The goal of the event was to promote and encourage empowerment and inner strength.

Debbie Scheibler, Director of Residence life at Wilkes University led the event and talked about how every single person is worthy of self love and feeling good about themselves, even if it is not how society says they should. Sometimes it can be the situations or places we are born in to and other times, it is the experiences that we have throughout our lives that can make it difficult to love and be our true selves.

“It’s interesting how you can communicate deep and thoughtful messages by just doing a simple activity,” said Danay Rosa, senior Wilkes University student.
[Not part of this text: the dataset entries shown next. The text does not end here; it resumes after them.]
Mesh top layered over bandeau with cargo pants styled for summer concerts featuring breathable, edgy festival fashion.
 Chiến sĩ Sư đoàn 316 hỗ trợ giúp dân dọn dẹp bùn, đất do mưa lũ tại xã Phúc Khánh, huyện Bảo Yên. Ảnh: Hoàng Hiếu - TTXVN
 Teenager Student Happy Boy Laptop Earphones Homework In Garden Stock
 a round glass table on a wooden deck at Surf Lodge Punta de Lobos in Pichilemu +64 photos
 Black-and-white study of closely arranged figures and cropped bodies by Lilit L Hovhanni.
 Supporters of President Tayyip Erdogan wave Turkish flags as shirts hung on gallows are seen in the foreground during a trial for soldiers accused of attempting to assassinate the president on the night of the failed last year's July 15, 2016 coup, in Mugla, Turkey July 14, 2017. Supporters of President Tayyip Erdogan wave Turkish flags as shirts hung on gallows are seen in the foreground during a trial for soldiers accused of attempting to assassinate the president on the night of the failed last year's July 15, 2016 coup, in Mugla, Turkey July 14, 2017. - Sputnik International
Throughout the majority of the event, the attendees worked in groups on an activity led by Scheibler. She used the game Mr. Potato Head to have the students build their potatoes the way that they think society wants it to be.

Each group presented their potatoes and gave them names as well as personalities. Most of the potatoes were middle aged teachers in heterozygous relationships with children and they also dressed them so that they were ‘put together’ with matching clothing and accessories.

There was one group that put a hat on their potato person’s bald head.

“Men get shamed for not having hair,” said Rosa.

After each group finished presenting their potato, Scheibler talked about how people conform to societal expectations about who they should be and how they should act, rather than loving themselves and expressing themselves as they truly are.

Scheibler then asked the groups to make their potatoes they way that they wish they could show up everyday.

“When we get up everyday, we are the potato head,” said Scheibler.

Everyone in the room perked up and went to work immediately. There was laughter and love throughout the room as groups were able to express what they like, whether that be mismatched clothing or a change in the personality of the potato. You could tell that each person added a little bit of themselves.

The program coordinator for International Engagement of the Medusa 10 Panamanian students at Wilkes University, Donna Novicki, thought the event would be good for the Panamanian students because she said that their culture is still traditional.

“It’s still not okay to be different in Panama,” said Novicki.

This event helped to show the Meduca 10 students that it is okay to be different and to start the conversation about what it means to be true to yourself and love yourself.

The first step to self-love is the empowerment that you get from listening to others stories and realizing that it is okay to be true to who you are, whether or not it is what society expects of you.